Search code examples
pythonpython-3.xdjangoregexregex-group

Regex: how to extract incomplete date and convert


How can I get a date that may not contain the month or the day?

Right now I only know how to break the date

date_n= '2022-12'
match_year = re.search(r'(?P<year_only>(?P<year>\d+))', date_n)
match_month = re.search(r'(?P<whole_date>(?P<year>\d+)-(?P<month>\d+))', date_n)
match_day = re.search(r'(?P<whole_date>(?P<year>\d+)-(?P<month>\d+)-(?P<day>\d+))', date_n)

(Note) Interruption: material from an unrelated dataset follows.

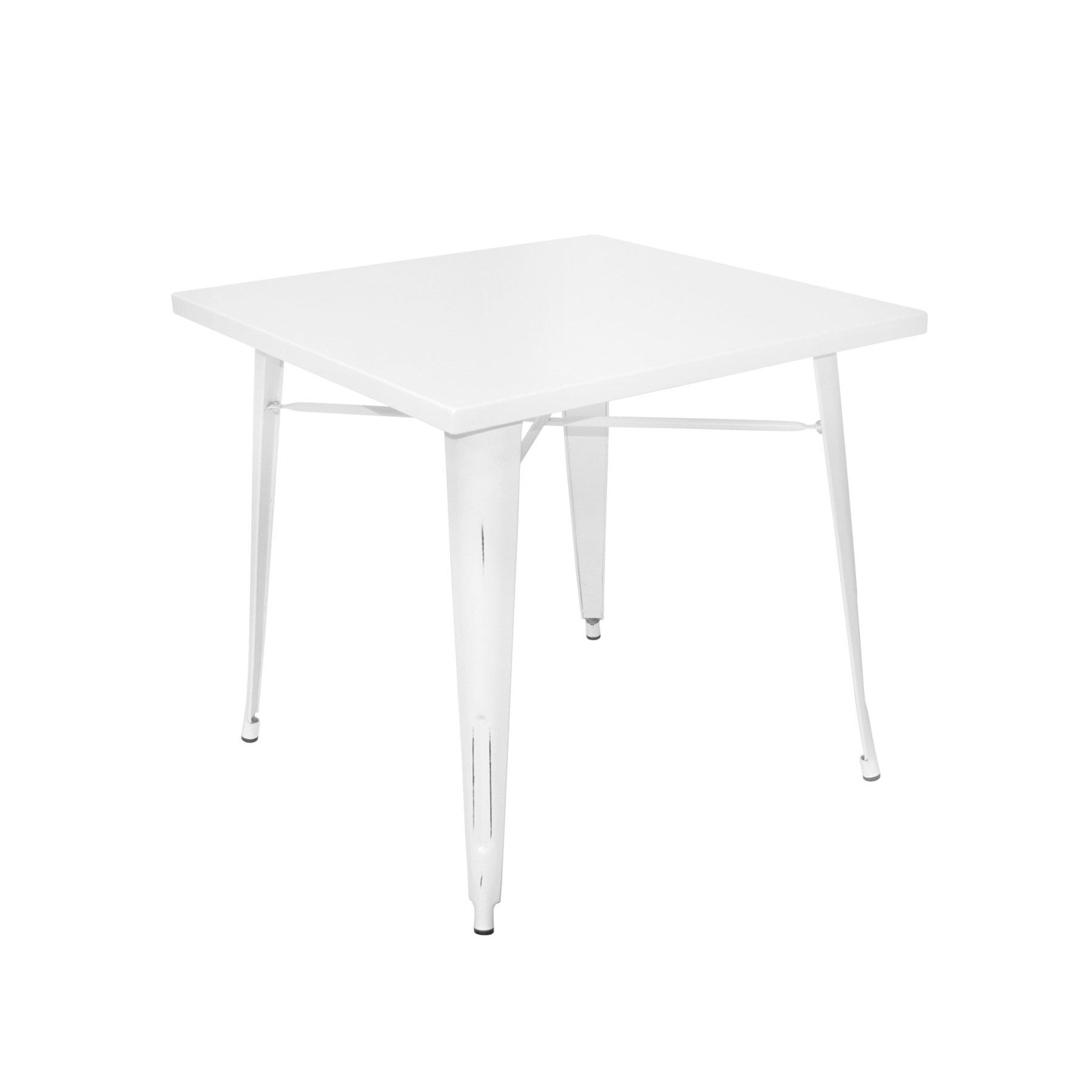 TABLE LANK OLD BLANCHE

year = match_year.group('year_only')
month = match_month.group('month')
day = match_day.group('day')

Try and Except does not work.


Solution

  • You should build patterns for each year, month and day and match them all in one expression (making month and day optional):

    import re
    
    date_n= '2022-12'
    year_pattern = r"(?P<year>\d{4})"
    month_pattern = r"(?:-(?P<month>\d{1,2}))"
    day_pattern = r"(?:-(?P<day>\d{1,2}))"
    match_date = re.search(rf'{year_pattern}(?:{month_pattern}{day_pattern}?)?', date_n)
    
    year = match_date.group('year')
    month = match_date.group('month')
    day = match_date.group('day')